WHAT IS BEING ASKED -
Look through the entries below and extract exactly the lines from the one containing "Cozy Leopard Striped" through the one containing "Technic 42214 Lamborghini", ends included.

RECORDS SHOWN -

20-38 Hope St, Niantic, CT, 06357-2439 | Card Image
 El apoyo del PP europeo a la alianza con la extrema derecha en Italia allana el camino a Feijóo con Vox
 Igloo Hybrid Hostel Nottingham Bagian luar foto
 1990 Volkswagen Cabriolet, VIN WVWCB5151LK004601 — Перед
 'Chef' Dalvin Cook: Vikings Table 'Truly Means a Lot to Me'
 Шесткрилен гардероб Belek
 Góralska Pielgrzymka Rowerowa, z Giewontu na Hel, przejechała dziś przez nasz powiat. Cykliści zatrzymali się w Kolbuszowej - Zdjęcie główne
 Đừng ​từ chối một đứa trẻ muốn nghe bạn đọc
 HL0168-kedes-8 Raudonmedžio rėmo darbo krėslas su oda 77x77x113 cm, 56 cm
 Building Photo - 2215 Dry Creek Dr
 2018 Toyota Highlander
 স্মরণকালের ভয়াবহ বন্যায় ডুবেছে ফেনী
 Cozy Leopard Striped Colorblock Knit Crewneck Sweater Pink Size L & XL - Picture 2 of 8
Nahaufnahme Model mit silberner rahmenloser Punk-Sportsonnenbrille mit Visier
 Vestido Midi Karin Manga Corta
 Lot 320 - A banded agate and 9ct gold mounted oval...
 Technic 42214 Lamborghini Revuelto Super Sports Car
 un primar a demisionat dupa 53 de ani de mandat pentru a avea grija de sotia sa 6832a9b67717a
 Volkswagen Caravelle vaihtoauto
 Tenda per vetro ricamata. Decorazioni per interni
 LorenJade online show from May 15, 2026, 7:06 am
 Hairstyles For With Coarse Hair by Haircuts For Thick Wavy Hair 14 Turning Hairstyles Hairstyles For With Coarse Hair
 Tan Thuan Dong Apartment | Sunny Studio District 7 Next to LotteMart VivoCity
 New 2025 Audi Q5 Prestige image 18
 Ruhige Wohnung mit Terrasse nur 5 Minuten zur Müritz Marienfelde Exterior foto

RESPONSE TO THIS EXERCISE -
 Cozy Leopard Striped Colorblock Knit Crewneck Sweater Pink Size L & XL - Picture 2 of 8
Nahaufnahme Model mit silberner rahmenloser Punk-Sportsonnenbrille mit Visier
 Vestido Midi Karin Manga Corta
 Lot 320 - A banded agate and 9ct gold mounted oval...
 Technic 42214 Lamborghini Revuelto Super Sports Car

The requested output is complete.